Collected data entries:
--------------------

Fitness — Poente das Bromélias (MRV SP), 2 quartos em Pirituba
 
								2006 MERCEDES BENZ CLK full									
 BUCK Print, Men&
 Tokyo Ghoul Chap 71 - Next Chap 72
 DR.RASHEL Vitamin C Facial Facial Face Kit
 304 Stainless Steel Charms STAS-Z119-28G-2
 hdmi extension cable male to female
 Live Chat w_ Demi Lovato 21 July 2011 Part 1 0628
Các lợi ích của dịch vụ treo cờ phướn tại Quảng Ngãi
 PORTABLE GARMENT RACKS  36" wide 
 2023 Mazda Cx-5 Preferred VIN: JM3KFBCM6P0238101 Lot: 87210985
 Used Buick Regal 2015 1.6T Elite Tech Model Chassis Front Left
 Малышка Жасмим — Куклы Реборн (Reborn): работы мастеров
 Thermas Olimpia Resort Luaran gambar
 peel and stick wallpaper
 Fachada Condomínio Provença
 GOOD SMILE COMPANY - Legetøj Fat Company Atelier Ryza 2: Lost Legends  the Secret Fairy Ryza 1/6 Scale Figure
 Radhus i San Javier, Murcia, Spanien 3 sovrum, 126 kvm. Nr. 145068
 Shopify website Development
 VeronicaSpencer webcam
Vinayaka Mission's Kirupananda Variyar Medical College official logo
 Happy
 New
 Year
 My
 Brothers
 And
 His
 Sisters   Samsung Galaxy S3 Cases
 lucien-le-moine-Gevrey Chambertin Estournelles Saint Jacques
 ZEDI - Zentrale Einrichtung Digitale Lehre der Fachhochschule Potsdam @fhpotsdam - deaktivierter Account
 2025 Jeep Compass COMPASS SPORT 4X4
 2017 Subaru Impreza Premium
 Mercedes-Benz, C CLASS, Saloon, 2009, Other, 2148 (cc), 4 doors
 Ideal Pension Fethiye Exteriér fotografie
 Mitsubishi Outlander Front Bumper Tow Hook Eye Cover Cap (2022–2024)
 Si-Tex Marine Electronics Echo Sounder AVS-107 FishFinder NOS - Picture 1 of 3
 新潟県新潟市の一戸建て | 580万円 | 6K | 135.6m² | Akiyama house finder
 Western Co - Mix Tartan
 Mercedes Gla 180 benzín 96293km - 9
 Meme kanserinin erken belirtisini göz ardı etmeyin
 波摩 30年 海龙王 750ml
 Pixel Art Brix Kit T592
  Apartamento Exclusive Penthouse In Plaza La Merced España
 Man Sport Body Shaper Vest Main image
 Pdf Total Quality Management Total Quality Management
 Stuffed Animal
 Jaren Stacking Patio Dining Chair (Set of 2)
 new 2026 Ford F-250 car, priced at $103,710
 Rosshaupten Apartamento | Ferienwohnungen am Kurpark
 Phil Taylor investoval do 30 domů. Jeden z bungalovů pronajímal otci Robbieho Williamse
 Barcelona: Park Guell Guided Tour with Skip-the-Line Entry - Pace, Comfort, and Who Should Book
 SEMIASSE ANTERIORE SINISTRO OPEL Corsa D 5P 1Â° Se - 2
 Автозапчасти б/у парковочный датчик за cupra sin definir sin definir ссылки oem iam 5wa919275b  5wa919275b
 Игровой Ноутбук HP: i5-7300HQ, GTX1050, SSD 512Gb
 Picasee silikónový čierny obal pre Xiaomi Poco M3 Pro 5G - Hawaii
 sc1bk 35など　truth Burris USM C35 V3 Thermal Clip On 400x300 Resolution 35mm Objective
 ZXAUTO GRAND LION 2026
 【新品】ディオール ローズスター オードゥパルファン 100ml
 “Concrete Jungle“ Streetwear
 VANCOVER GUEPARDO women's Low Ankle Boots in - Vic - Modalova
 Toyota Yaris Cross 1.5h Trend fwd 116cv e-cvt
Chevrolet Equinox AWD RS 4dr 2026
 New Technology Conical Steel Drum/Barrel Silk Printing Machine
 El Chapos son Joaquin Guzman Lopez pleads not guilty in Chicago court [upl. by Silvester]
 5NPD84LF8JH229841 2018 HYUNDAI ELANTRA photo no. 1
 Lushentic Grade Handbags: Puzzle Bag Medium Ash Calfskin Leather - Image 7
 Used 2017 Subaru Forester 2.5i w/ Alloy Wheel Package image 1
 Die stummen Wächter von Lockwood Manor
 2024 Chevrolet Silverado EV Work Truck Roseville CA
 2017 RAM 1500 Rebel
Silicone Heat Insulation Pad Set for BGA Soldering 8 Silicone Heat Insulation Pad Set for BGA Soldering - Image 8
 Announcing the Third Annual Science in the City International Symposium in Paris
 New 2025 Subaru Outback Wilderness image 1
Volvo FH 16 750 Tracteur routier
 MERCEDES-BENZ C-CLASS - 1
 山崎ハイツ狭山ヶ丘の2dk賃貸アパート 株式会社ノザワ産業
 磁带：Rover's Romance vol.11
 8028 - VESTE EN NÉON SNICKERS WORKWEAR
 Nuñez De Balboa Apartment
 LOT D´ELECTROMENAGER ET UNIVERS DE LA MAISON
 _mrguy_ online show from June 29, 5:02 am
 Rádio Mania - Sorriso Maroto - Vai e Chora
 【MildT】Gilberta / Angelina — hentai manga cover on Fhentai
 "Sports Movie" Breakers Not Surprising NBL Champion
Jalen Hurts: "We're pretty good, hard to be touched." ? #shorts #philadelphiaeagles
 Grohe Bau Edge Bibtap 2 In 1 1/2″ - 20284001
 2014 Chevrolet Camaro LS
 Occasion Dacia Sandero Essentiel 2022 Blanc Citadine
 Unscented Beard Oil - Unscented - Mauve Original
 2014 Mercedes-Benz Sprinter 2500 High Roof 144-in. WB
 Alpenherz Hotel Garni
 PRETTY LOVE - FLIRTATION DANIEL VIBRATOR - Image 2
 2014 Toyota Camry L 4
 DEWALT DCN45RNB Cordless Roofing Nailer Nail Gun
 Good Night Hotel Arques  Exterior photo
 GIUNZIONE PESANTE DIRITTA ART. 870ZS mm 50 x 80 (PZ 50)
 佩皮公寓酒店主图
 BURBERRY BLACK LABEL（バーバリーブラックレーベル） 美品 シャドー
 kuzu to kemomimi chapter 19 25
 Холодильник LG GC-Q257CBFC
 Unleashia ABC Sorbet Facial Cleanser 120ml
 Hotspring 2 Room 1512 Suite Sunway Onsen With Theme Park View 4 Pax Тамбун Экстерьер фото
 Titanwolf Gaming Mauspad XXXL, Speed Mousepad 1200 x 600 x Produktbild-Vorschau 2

--------------------

Exercise instructions:
Looking at the data above, return every line from the one with "Toyota Yaris Cross" down to the one with "Die stummen Wächter von Lockwood Manor", exactly and inclusively.

Task output:
 Toyota Yaris Cross 1.5h Trend fwd 116cv e-cvt
Chevrolet Equinox AWD RS 4dr 2026
 New Technology Conical Steel Drum/Barrel Silk Printing Machine
 El Chapos son Joaquin Guzman Lopez pleads not guilty in Chicago court [upl. by Silvester]
 5NPD84LF8JH229841 2018 HYUNDAI ELANTRA photo no. 1
 Lushentic Grade Handbags: Puzzle Bag Medium Ash Calfskin Leather - Image 7
 Used 2017 Subaru Forester 2.5i w/ Alloy Wheel Package image 1
 Die stummen Wächter von Lockwood Manor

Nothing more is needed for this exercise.